No. It's also wrong.
Double underscore or _common suffix are both meaningless.
The helper name should describe what it's for.

> > > +       /*
> > > +        * Ideally we'd have access to the map ID but that's already
> > > +        * freed before we enter trie_free().
> > > +        */
> > > +       BPF_CORE_READ_STR_INTO(&name, map, name);
> > > +       if (bpf_strncmp(name, BPF_OBJ_NAME_LEN, "trie_free_map"))
> > > +               return 0;
> > > +
> > > +       val = bpf_ktime_get_ns();
> > > +       bpf_map_update_elem(&latency_free_start, &map, &val, BPF_ANY);
> >
> > Looks like there is only one lpm map.
> > What's the point of that extra map ?
> > Just have a global var for start time ?
>
> Sure, I can make this a global variable for the start time instead.
>
> > bpf_get_prandom_u32() is not free
> > and modulo operation isn't free either.
> > The benchmark includes their time.
> > It's ok to have it, but add a mode where the bench
> > tests linear lookup/update too with simple key.data++
>
> Good idea.
>
> > Since the map suppose to full before we start all keys
> > should be there, right?
>
> Yes.
>
> > Let's add a sanity check that update() succeeds.
>
> Will do.
>
> > > +static int delete (__u32 index, bool *need_refill)
> > > +{
> > > +       struct trie_key key = {
> > > +               .data = deleted_entries,
> > > +               .prefixlen = prefixlen,
> > > +       };
> > > +
> > > +       bpf_map_delete_elem(&trie_map, &key);
> > > +
> > > +       /* Do we need to refill the map? */
> > > +       if (++deleted_entries == nr_entries) {
> > > +               /*
> > > +                * Atomicity isn't required because DELETE only supports
> > > +                * one producer running concurrently.
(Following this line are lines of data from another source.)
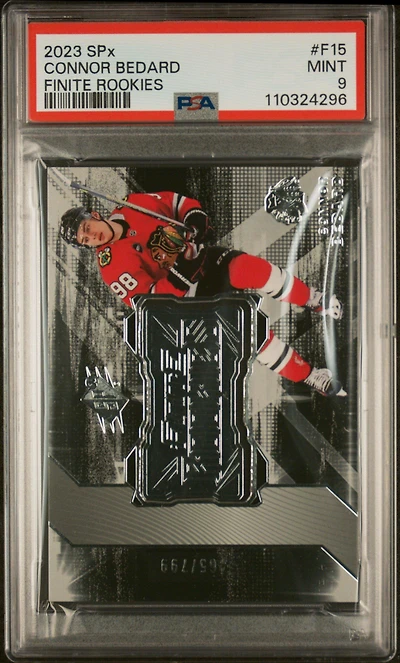 2023 Spx Finite Rookies F15 Connor Bedard PSA 9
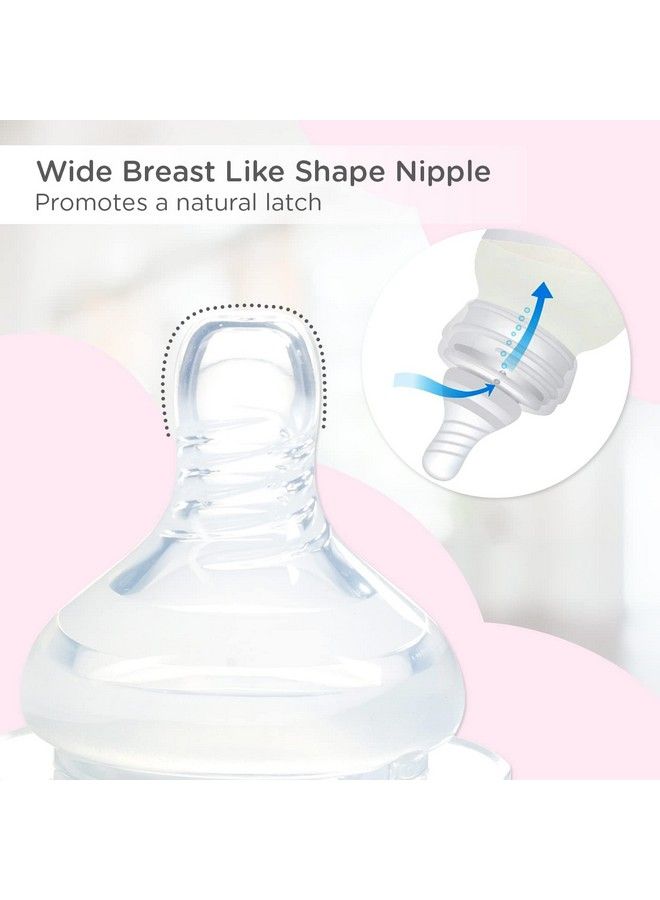 mee mee Premium Baby Feeding Bottle With Ultra Soft Flexible Nipple And Anti Colic Valve For Babies;Kids;Infants (0 2 Years240Mlpink) - Image 5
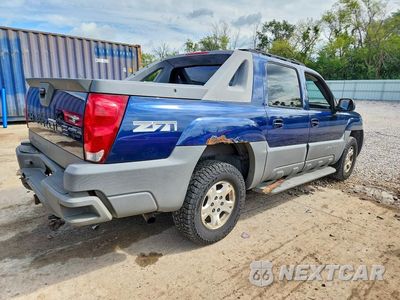 Trzecie zdjęcie samochodu z tyłu: 2002 CHEVROLET AVALANCHE K1500 VIN:3GNEK13T72G134280 - miniatura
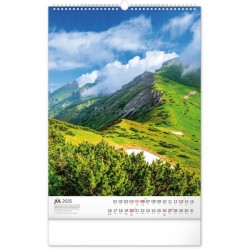 Nástenný kalendár Národné parky Slovenska 2024, 33 x 46 cm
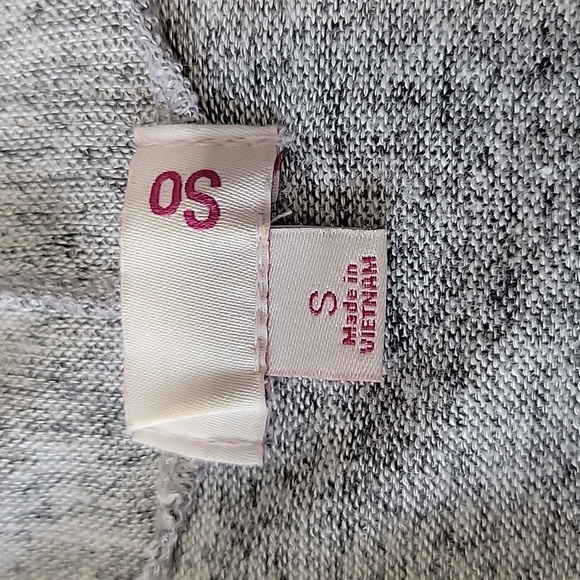 So Size S Marled Gray Knit Open Front Waterfall Cardigan Sweater, GUC - Picture 10 of 11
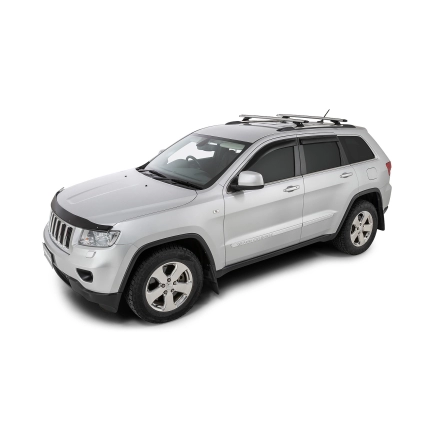 Rhino Rack JA9565 - Vortex RCL Silver 2 Bar Roof Rack for JEEP Grand Cherokee 5dr SUV from 2011
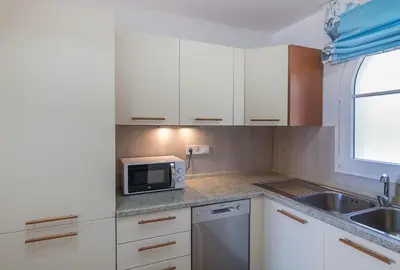 Una cocina o zona de cocina en Ocean Pearl Loma Verde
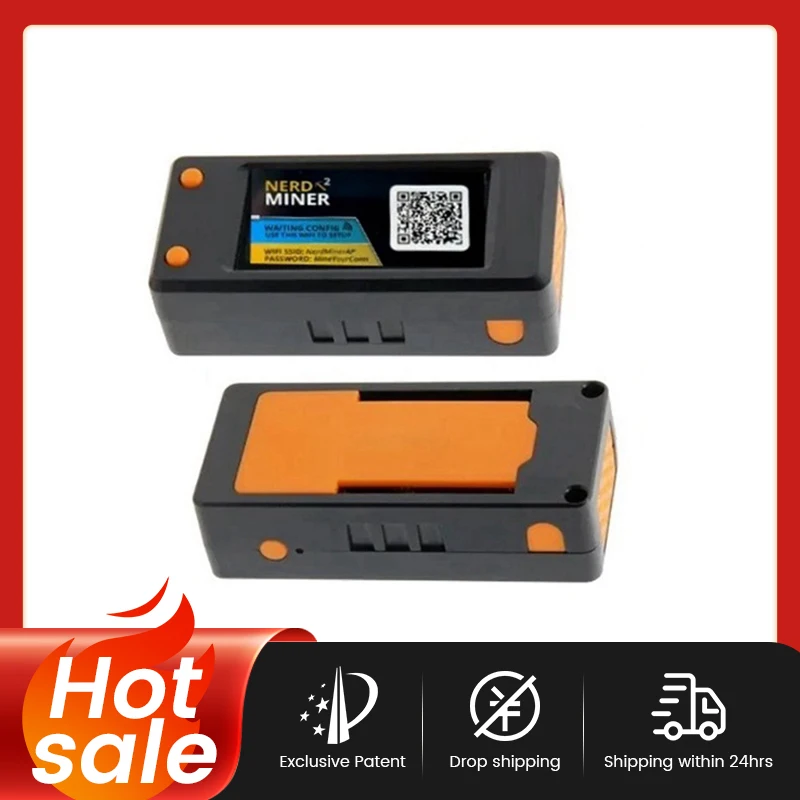 Bitcoin Nerd Miner V2.0 T-Display-S3 BTC Crypto Solo Lottery Nerdminer Miner شاشة LCD 78KH/S مع Shell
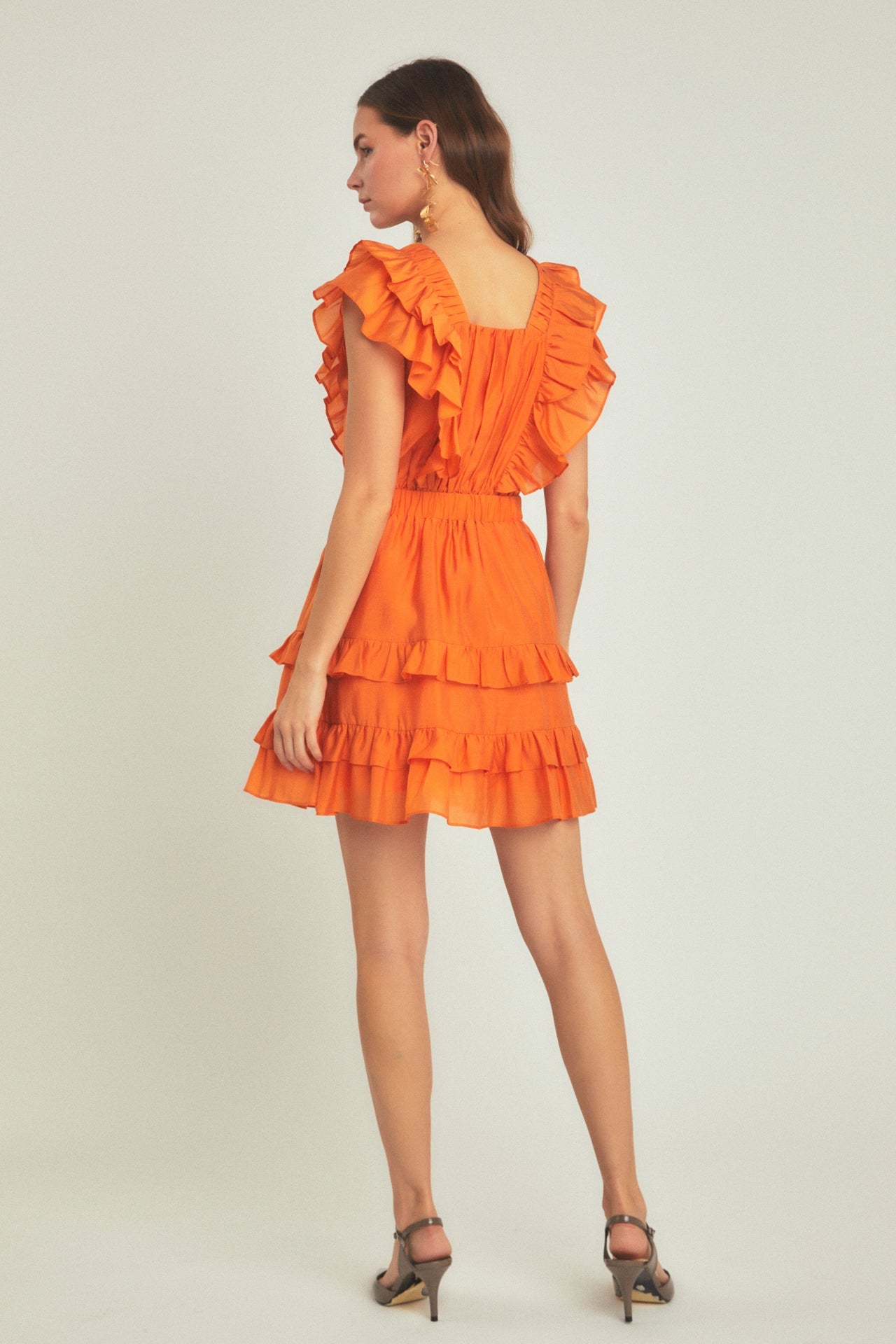 ENDLESS ROSE - Ruffle Detail Mini Dress - DRESSES available at Objectrare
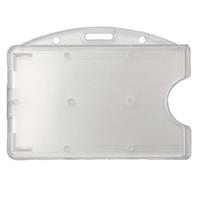 Transparent horizontal card holder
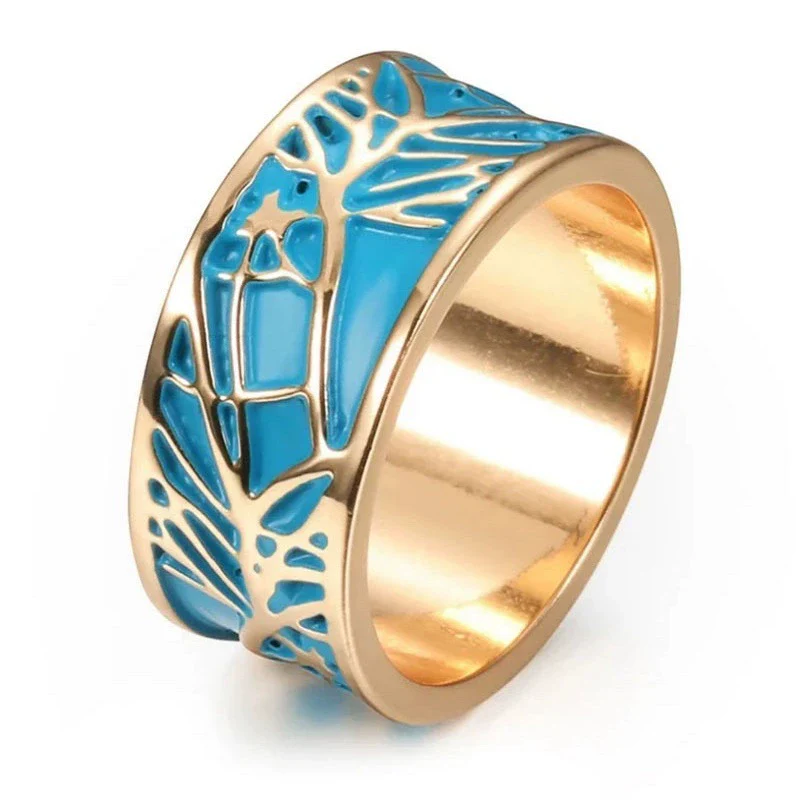 Wholesale Jewelry Hip Hop Style Geometric Copper Ring With Epoxy Process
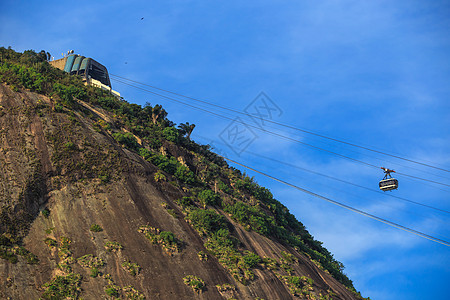 甘糖Loaf山有线汽车森林场馆电缆海岸海洋天线游戏海岸线地标缆车背景图片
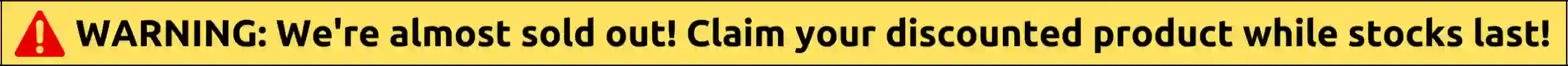 Limited stock warning banner for discounted Male Power XL product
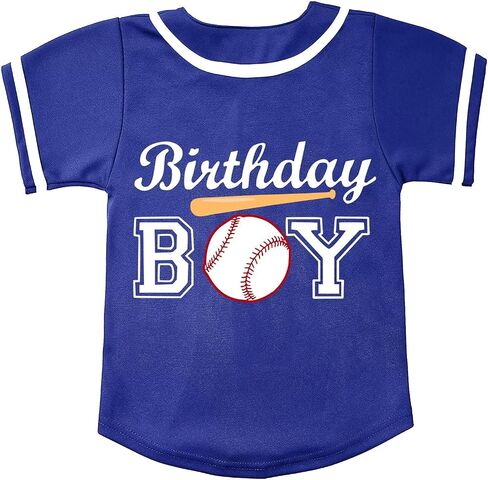 Kids Birthday Baseball Shirt Boys Baseball Jersey Birthday Gift Short Sleeve Tops for 1-6 Years in Saudi Arabia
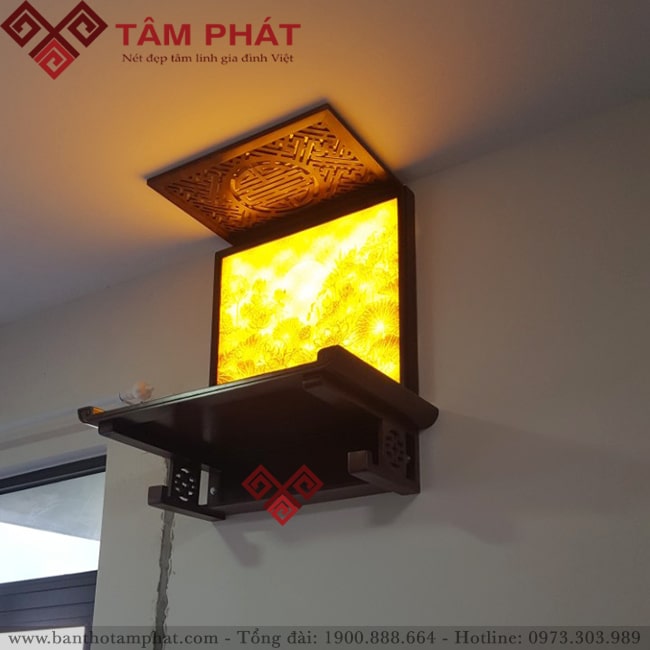 Tranh trúc chỉ sen mặt trăng TC6615 đẹp Tâm Phát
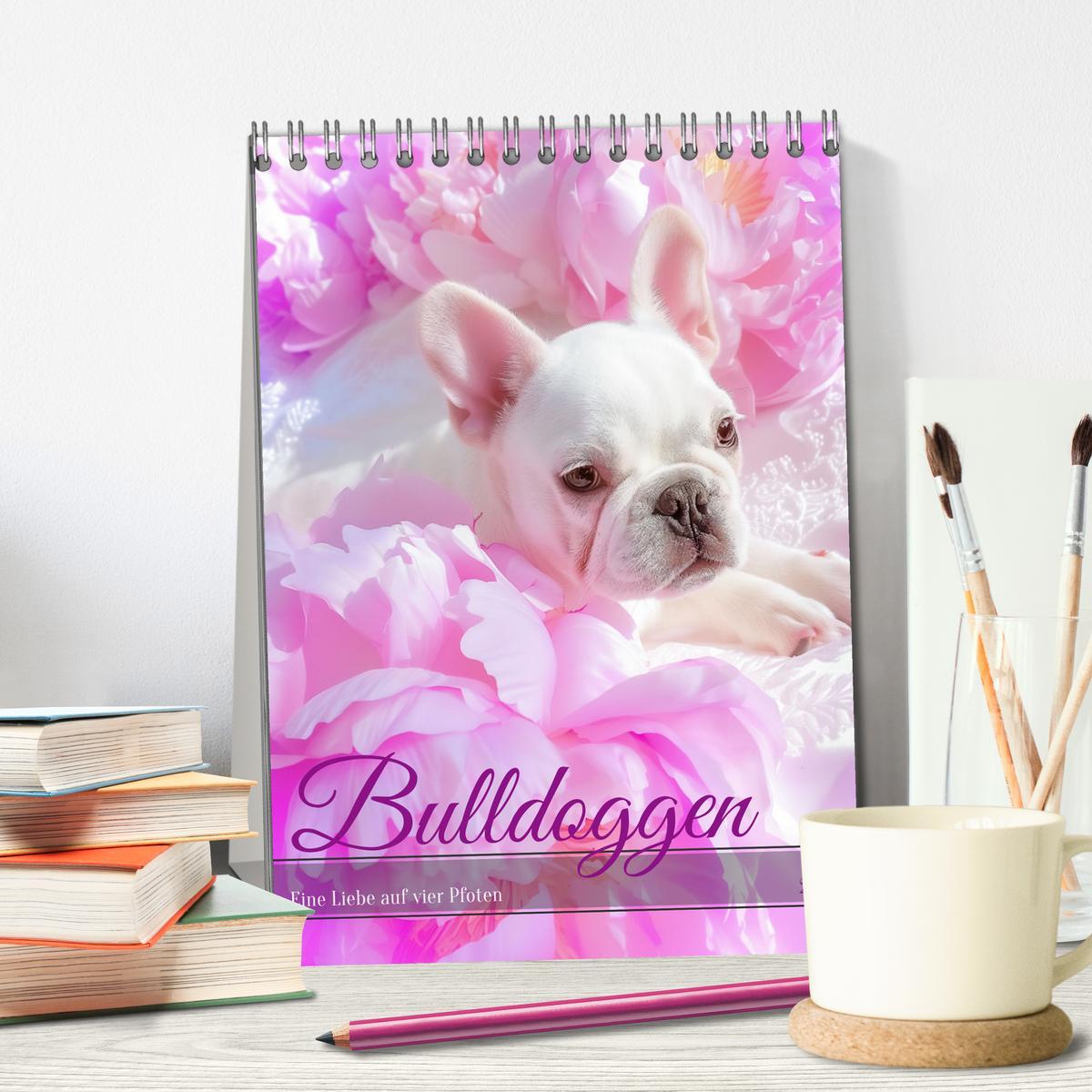 Bild: 9783383767814 | Bulldoggen (Tischkalender 2025 DIN A5 hoch), CALVENDO Monatskalender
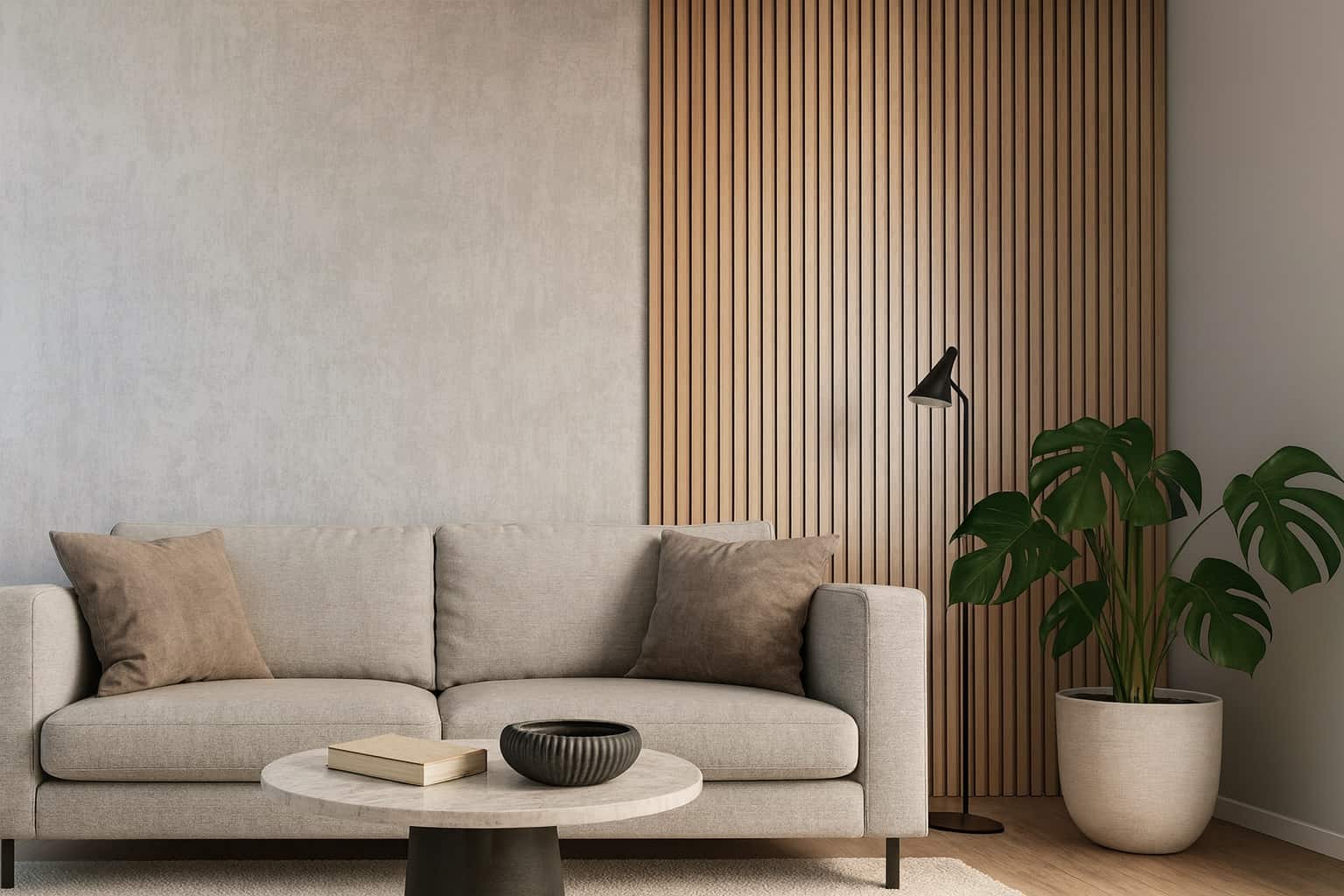 wandbekleding woonkamer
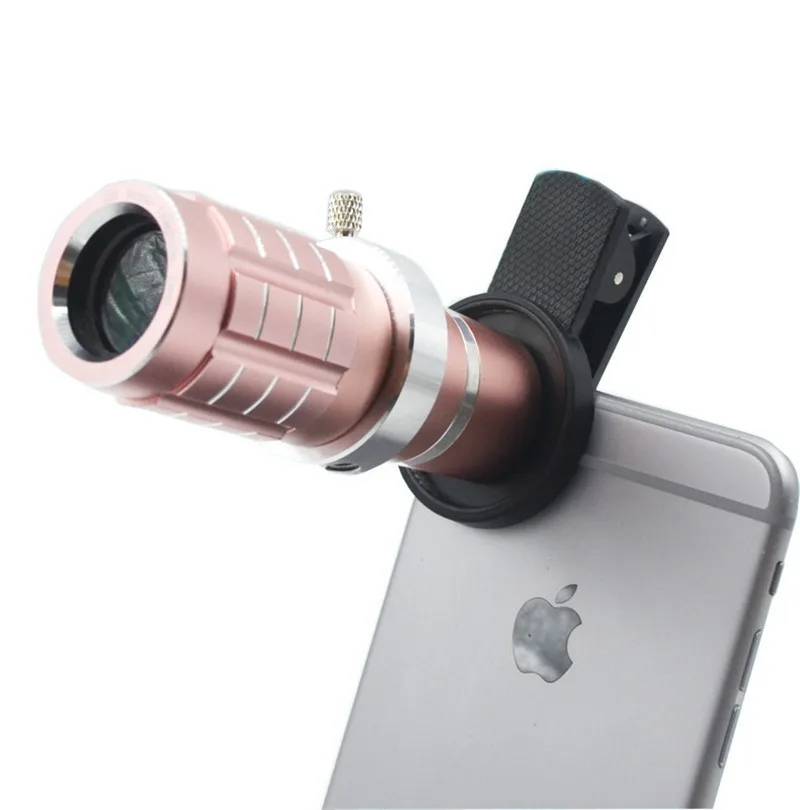 HD набор телефонных объективов 12x зум телефото 0.45X широкоугольный 15X Супер Макро объектив для iPhone Samsung смартфонов клип объективы камеры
What we need is a
> > > +                * way to track how many entries have been deleted from
> > > +                * the trie between consecutive invocations of the BPF
> > > +                * prog because a single bpf_loop() call might not
> > > +                * delete all entries, e.g. when NR_LOOPS < nr_entries.
> > > +                */
> > > +               deleted_entries = 0;
> > > +               *need_refill = true;
> > > +               return 1;
> >
> > This early break is another reason that makes
> > 'delete' op different from 'lookup/update'.
> > Pls make all 3 consistent, so they can be compared to each other.
>
> Hmm.. I'm not quite sure how to do that. lookup/update don't modify
> the number of entries in the map whereas delete does (update only
> updates existing entries, it doesn't create new ones). So when the map
> is empty it needs to be refilled. You're right that somehow the time
> to refill needs to be removed from the delete throughput/latency
> numbers but fundamentally these 3 ops are not the same and I don't see
> how to treat them as such.

well, random-key update when the map is full is also quite different from
random-key update when the map is empty.

Instead doing an update from user space do timed ops:
1 start with empty map, update (aka insert) all keys sequentially
2 lookup all sequentially
3 delete all sequentially
4 update (aka insert) all sequentially
5 lookup random
6 update random
7 delete all random

The elapsed time for 1 and 4 should be exactly the same.
While all others might have differences,
but all can be compared to each other and reasoned about.